Notably, overexpression of SIRT2-related circRNAs in cells lacking MeCP2 resulted in a significant decrease in the levels of GluR-1, GluR -2, and GluR -3, proteins that are part of glutamate receptors known as AMPAR. GluR’s drop was reversed by overexpressing MeCP2, “indicating that varying levels of circRNAs in the background of MeCP2 deficiency may contribute greatly to AMPAR biogenesis [production],” the researchers wrote.

T-UCRs are another type of RNA derived from regions in the genome that are 100% identical between humans, mice, and rats, signifying their importance in biology. In mice lacking Mecp2, alterations were found in several T-UCRs. T-UCRs were enriched in the frontal cortex, as expected, but they were also increased in the hippocampus related to processes involving AMPA receptors.

Next, the team analyzed the overall protein content within tissue from the hippocampus taken postmortem from four people without Rett and four Rett patients. Proteins significantly altered in Rett were related to microtubules as well as those associated with the activation of microglia, the primary immune cell in the brain and spinal cord.

Changes to several cytoskeleton-related proteins in the hippocampus of patients were found, including the upregulation of microtubule-associated proteins, “which might contribute to microtubule destabilization,” the scientists wrote.

Furthermore, GluR-1, GluR -2, and GluR -3 were all downregulated in the frontal cortex of symptomatic mice lacking MeCP2 and in the hippocampus of the Rett patients. Although GluR-3 protein levels were lower in Rett brain tissues, it was not accompanied by a decrease in total mRNA level, but rather the upregulation of two specific T-UCRs — uc.478 and, to a lesser extent, uc.479.

Overexpressing MeCP2 increased the expression of both GluR-3 protein and its mRNA, confirming the regulation of the gene that encodes GluR-3 (GRIA3) by MeCP2.

Finally, in MeCP2-deficient cells, a decreased was seen in the size of neurospheres — clusters of nerve stem cells grown in a lab to investigate nerve cell growth and development. Overexpressing uc.478 or uc.479 on their own restored sphere diameter in Rett cells while not affecting healthy cells, and resulted in a marked decrease in nerve cell complexity.

Consistently, when nerve stem cells differentiate into mature nerve cells, glutamate transporters associated with synapses were downregulated with overexpressed T-UCRs. “This suggests a broad effect of ultraconserved transcripts on neural stem cell physiology in the context of [Rett],” the investigators wrote.

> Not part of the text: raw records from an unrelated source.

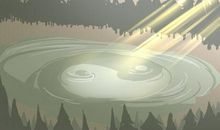 家里什么样的风水招小人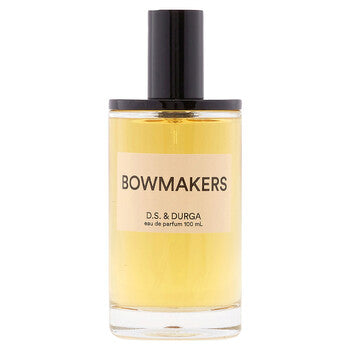 D.S. & Durga Ladies Bowmakers EDP 3.4 oz (Tester) - Luxurious Fragrance Available Online in Hong Kong & China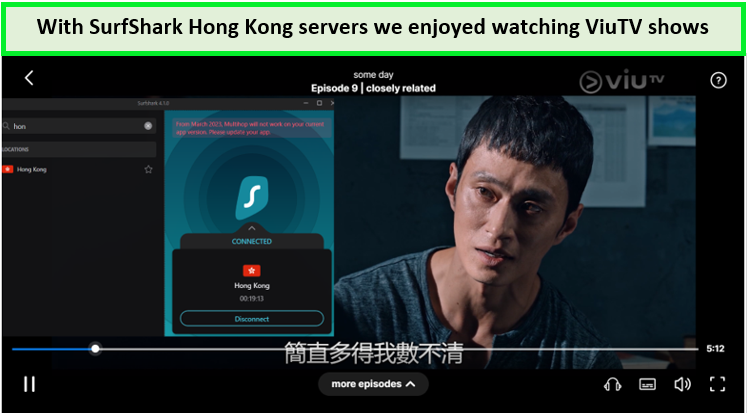 watch-viuTV-with-surfshark-in-Hong Kong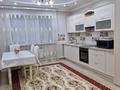 Отдельный дом · 5 комнат · 143 м² · 15 сот., Сатпаева 27/4 за 108 млн ₸ в Усть-Каменогорске — фото 14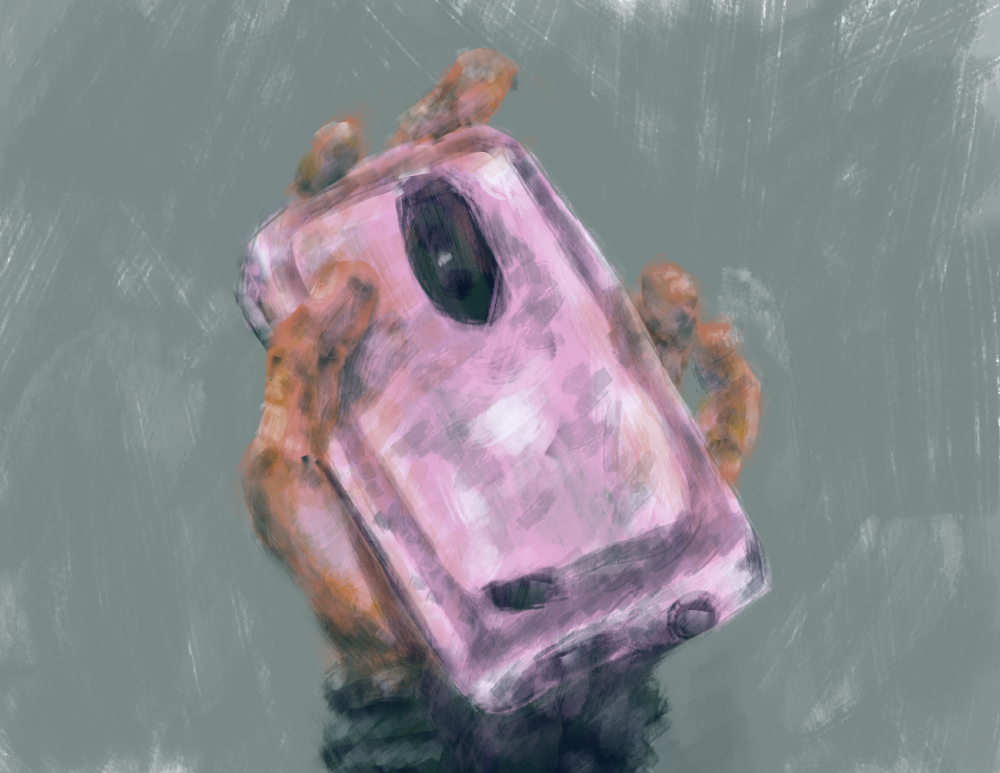 PaintingPracticeHandHoldingPhone2.png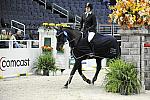 WIHS-10-21-09-DSC_3684-AdultJprCh-Grisset-AlissaKinsey-Sponsors-Comcast-DDeRosaPhoto.jpg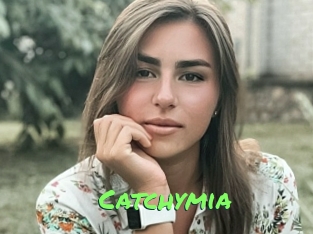 Catchymia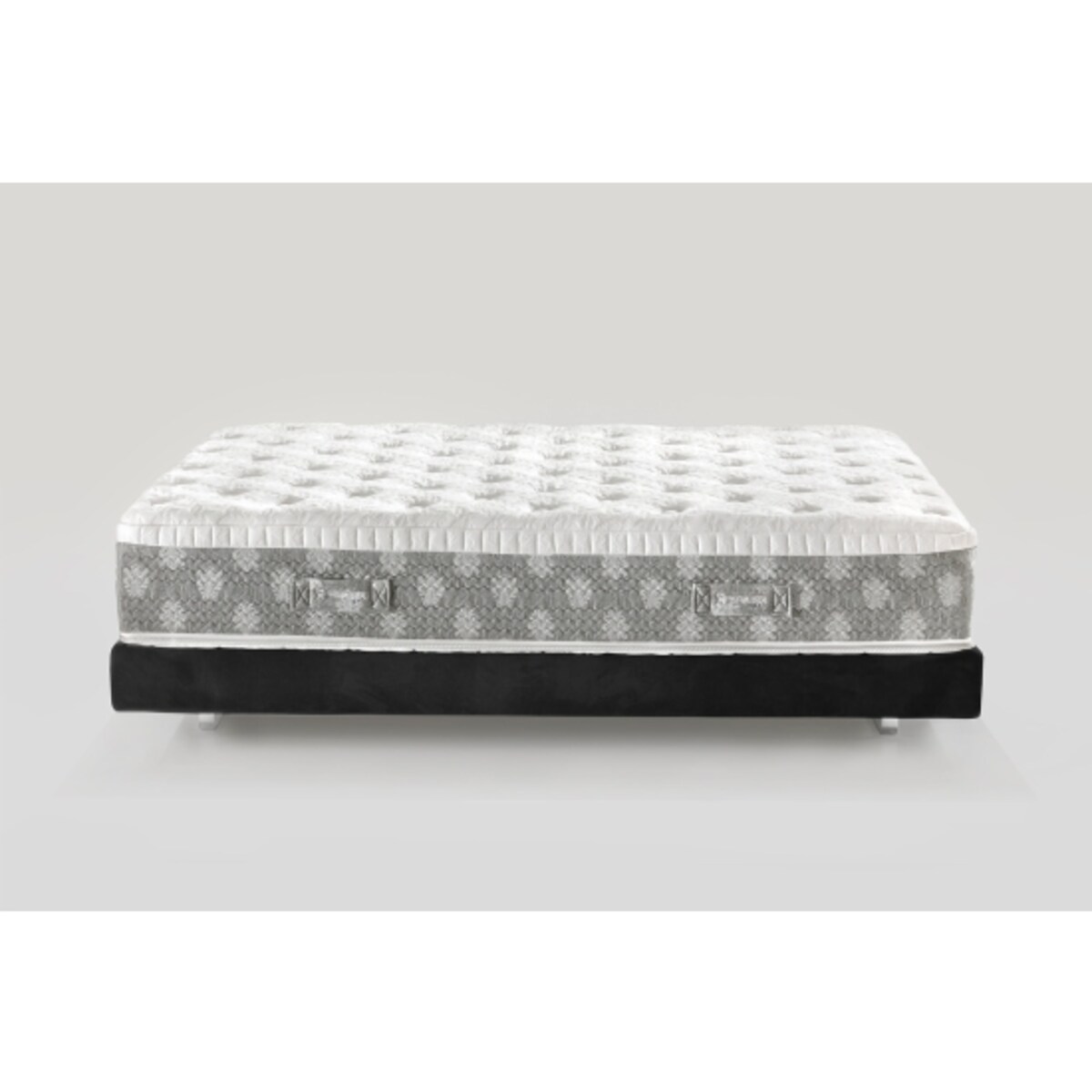 Materac Dolce Vita Comfort Deluxe Dual 12, 100 x 200 cm, Magniflex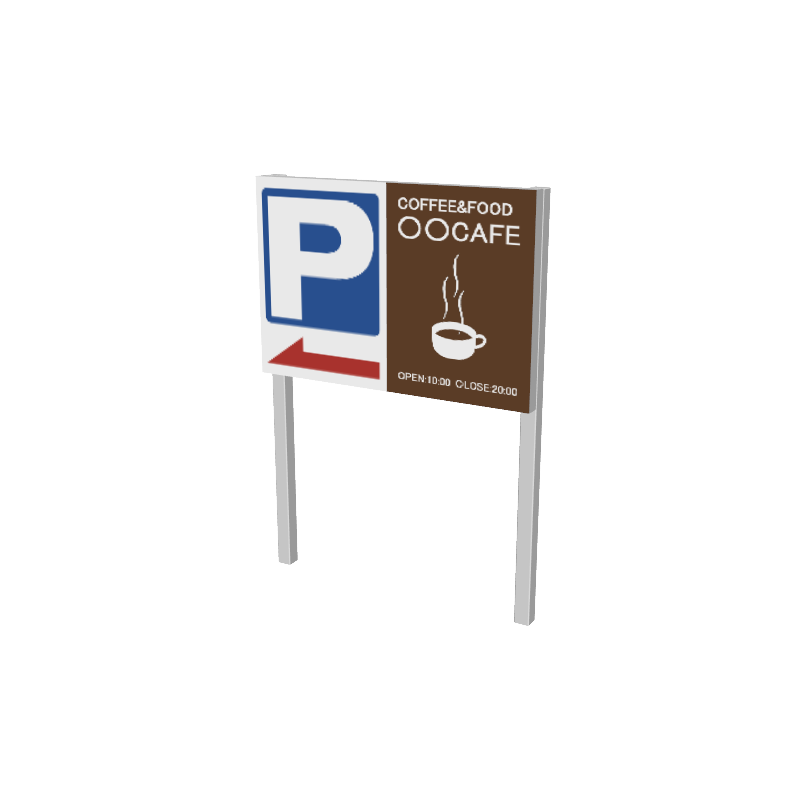 cafe_p-signboard021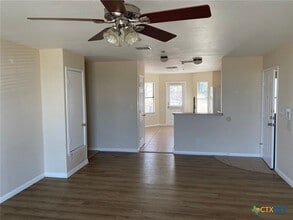 Building Photo - 3109 Douglas Fir Dr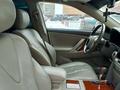 Toyota Camry 2011 годаүшін5 300 000 тг. в Актобе – фото 22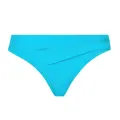 Plavkové nohavičky ANTIGEL (FBB0314-12)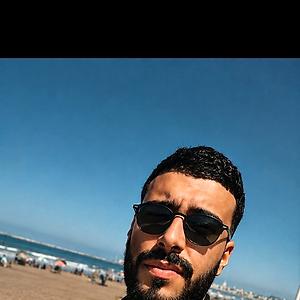 26-35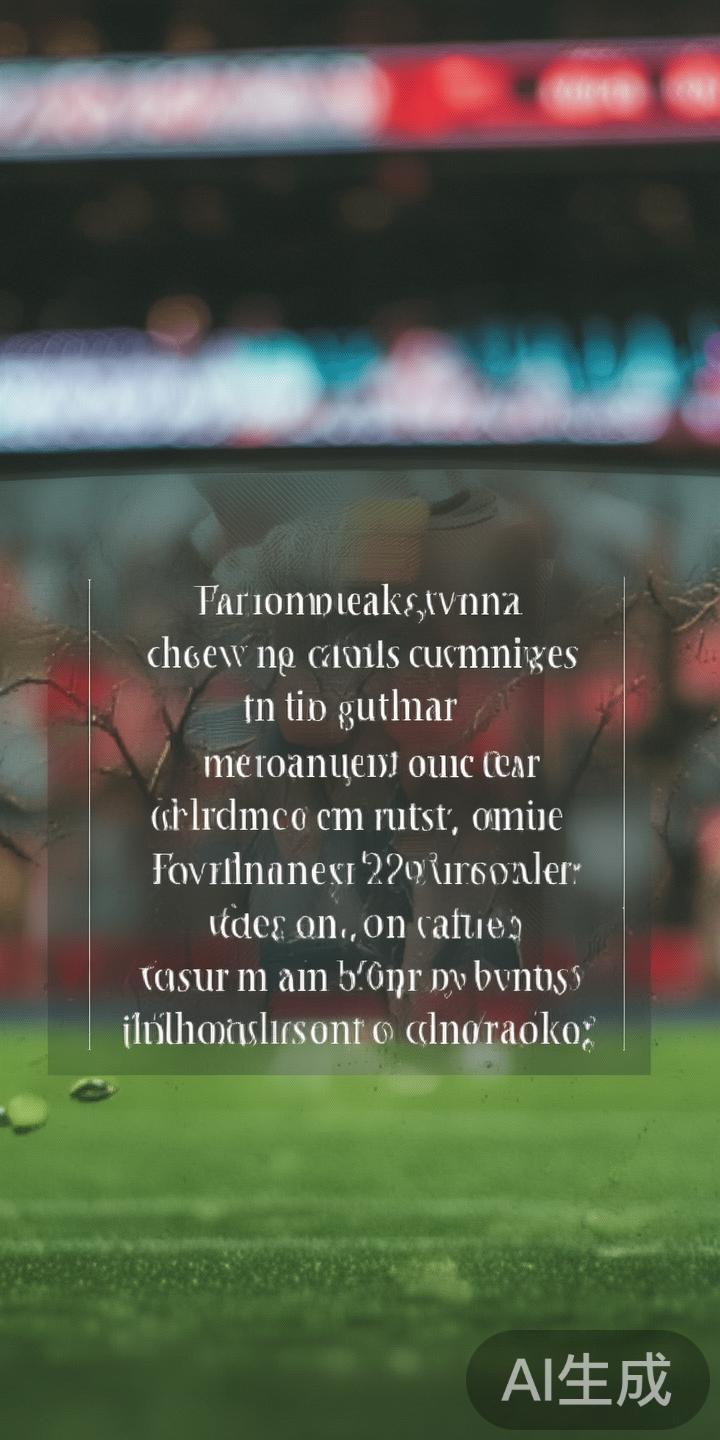 欧宝体育平台究竟有人赢钱吗？分享真实中奖经验与技巧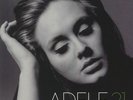 ADELE - 21 - Vinyl (LP)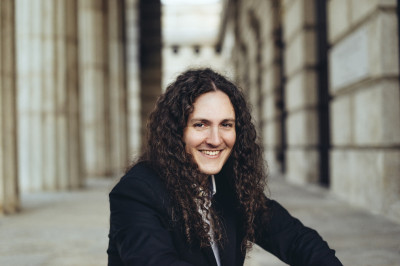 Night of the Organs in the Czech Republic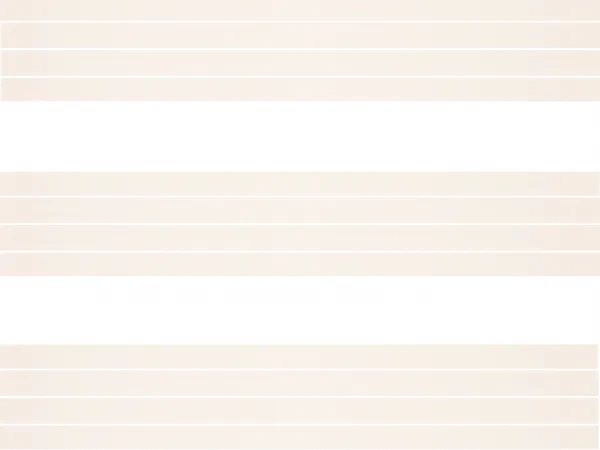 Kréta 2202 - kagyló szín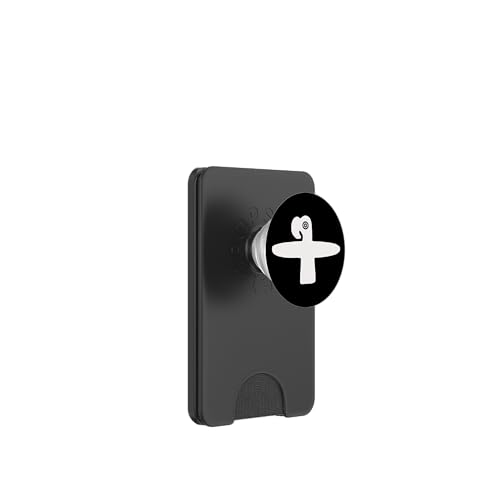 Nazca Lines | South America Peru Geoglyphs Líneas De Nazca PopSockets PopWallet für MagSafe Nazca Lines | South America Peru Geoglyphs Líneas De Nazca PopSockets PopWallet für MagSafe von Spectral Activity Ghost Hunting Apparel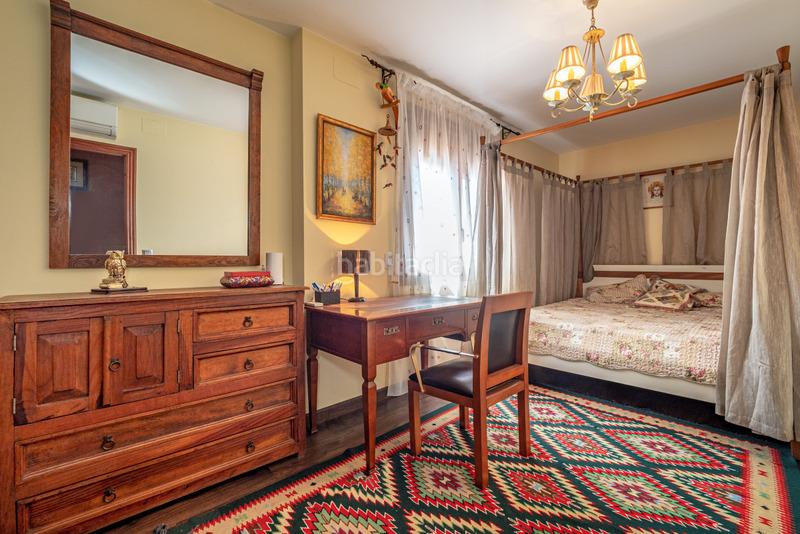 Foto 9788e3f1-bf4e-48cb-85c6-bd3fc5d18760. Chalet mit heizung parking pool in Carmençó Empuriabrava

“We detected MeCP2-dependent dysregulation of noncoding transcripts of the circRNA and T-UCR type that reveal complex regulation of … mechanisms that converge toward alterations in trafficking and glutamate receptor biogenesis,” the team wrote. “Our findings indicate that noncoding transcripts may contribute to key alterations in Rett syndrome and are not only useful tools for revealing dysregulated processes but also molecules of biomarker value.”